Extracted records
▬▬▬▬▬▬▬▬▬▬

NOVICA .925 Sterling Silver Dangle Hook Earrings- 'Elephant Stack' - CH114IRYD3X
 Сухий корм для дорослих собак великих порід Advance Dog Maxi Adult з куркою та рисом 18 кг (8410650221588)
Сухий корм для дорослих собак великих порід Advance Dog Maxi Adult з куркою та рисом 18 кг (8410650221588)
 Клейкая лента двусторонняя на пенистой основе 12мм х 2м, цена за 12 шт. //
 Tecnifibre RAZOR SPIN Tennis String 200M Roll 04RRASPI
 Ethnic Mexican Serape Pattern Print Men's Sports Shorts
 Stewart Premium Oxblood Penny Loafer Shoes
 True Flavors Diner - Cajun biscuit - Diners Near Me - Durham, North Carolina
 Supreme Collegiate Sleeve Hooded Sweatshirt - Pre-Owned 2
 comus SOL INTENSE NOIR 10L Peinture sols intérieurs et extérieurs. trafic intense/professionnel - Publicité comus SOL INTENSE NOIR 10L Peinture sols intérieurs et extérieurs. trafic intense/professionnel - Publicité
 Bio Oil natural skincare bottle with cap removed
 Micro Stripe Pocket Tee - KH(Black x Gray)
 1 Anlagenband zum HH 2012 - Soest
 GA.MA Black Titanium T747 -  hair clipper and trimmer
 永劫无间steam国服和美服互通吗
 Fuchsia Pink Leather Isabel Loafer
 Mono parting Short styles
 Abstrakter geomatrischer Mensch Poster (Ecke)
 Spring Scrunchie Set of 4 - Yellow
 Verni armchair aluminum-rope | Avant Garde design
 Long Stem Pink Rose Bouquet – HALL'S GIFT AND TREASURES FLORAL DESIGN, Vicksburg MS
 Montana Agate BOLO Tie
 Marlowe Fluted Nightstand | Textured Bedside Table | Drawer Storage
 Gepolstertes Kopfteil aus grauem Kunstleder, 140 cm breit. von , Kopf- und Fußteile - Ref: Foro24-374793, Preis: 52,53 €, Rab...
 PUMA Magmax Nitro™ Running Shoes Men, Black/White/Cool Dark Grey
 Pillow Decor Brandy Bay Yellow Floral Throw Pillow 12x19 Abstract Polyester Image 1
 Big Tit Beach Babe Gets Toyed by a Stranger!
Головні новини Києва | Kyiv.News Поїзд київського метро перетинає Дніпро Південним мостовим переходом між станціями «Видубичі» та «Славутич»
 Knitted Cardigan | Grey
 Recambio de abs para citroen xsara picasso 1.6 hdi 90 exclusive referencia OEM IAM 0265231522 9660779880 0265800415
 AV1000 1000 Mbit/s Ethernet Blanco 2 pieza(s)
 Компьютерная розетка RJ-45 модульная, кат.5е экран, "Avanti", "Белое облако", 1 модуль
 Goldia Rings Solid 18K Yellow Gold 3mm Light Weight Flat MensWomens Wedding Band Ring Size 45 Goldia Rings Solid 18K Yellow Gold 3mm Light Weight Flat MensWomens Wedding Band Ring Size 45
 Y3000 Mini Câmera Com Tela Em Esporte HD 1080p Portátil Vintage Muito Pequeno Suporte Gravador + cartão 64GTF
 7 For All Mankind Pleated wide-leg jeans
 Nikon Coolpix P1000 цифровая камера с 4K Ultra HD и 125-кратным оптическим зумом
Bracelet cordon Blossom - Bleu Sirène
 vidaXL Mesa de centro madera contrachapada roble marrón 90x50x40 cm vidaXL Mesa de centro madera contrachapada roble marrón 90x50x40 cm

▬▬▬▬▬▬▬▬▬▬

__Try it__:
Reproduce the complete data exactly as presented above.

__Result below__:
NOVICA .925 Sterling Silver Dangle Hook Earrings- 'Elephant Stack' - CH114IRYD3X
 Сухий корм для дорослих собак великих порід Advance Dog Maxi Adult з куркою та рисом 18 кг (8410650221588)
Сухий корм для дорослих собак великих порід Advance Dog Maxi Adult з куркою та рисом 18 кг (8410650221588)
 Клейкая лента двусторонняя на пенистой основе 12мм х 2м, цена за 12 шт. //
 Tecnifibre RAZOR SPIN Tennis String 200M Roll 04RRASPI
 Ethnic Mexican Serape Pattern Print Men's Sports Shorts
 Stewart Premium Oxblood Penny Loafer Shoes
 True Flavors Diner - Cajun biscuit - Diners Near Me - Durham, North Carolina
 Supreme Collegiate Sleeve Hooded Sweatshirt - Pre-Owned 2
 comus SOL INTENSE NOIR 10L Peinture sols intérieurs et extérieurs. trafic intense/professionnel - Publicité comus SOL INTENSE NOIR 10L Peinture sols intérieurs et extérieurs. trafic intense/professionnel - Publicité
 Bio Oil natural skincare bottle with cap removed
 Micro Stripe Pocket Tee - KH(Black x Gray)
 1 Anlagenband zum HH 2012 - Soest
 GA.MA Black Titanium T747 -  hair clipper and trimmer
 永劫无间steam国服和美服互通吗
 Fuchsia Pink Leather Isabel Loafer
 Mono parting Short styles
 Abstrakter geomatrischer Mensch Poster (Ecke)
 Spring Scrunchie Set of 4 - Yellow
 Verni armchair aluminum-rope | Avant Garde design
 Long Stem Pink Rose Bouquet – HALL'S GIFT AND TREASURES FLORAL DESIGN, Vicksburg MS
 Montana Agate BOLO Tie
 Marlowe Fluted Nightstand | Textured Bedside Table | Drawer Storage
 Gepolstertes Kopfteil aus grauem Kunstleder, 140 cm breit. von , Kopf- und Fußteile - Ref: Foro24-374793, Preis: 52,53 €, Rab...
 PUMA Magmax Nitro™ Running Shoes Men, Black/White/Cool Dark Grey
 Pillow Decor Brandy Bay Yellow Floral Throw Pillow 12x19 Abstract Polyester Image 1
 Big Tit Beach Babe Gets Toyed by a Stranger!
Головні новини Києва | Kyiv.News Поїзд київського метро перетинає Дніпро Південним мостовим переходом між станціями «Видубичі» та «Славутич»
 Knitted Cardigan | Grey
 Recambio de abs para citroen xsara picasso 1.6 hdi 90 exclusive referencia OEM IAM 0265231522 9660779880 0265800415
 AV1000 1000 Mbit/s Ethernet Blanco 2 pieza(s)
 Компьютерная розетка RJ-45 модульная, кат.5е экран, "Avanti", "Белое облако", 1 модуль
 Goldia Rings Solid 18K Yellow Gold 3mm Light Weight Flat MensWomens Wedding Band Ring Size 45 Goldia Rings Solid 18K Yellow Gold 3mm Light Weight Flat MensWomens Wedding Band Ring Size 45
 Y3000 Mini Câmera Com Tela Em Esporte HD 1080p Portátil Vintage Muito Pequeno Suporte Gravador + cartão 64GTF
 7 For All Mankind Pleated wide-leg jeans
 Nikon Coolpix P1000 цифровая камера с 4K Ultra HD и 125-кратным оптическим зумом
Bracelet cordon Blossom - Bleu Sirène
 vidaXL Mesa de centro madera contrachapada roble marrón 90x50x40 cm vidaXL Mesa de centro madera contrachapada roble marrón 90x50x40 cm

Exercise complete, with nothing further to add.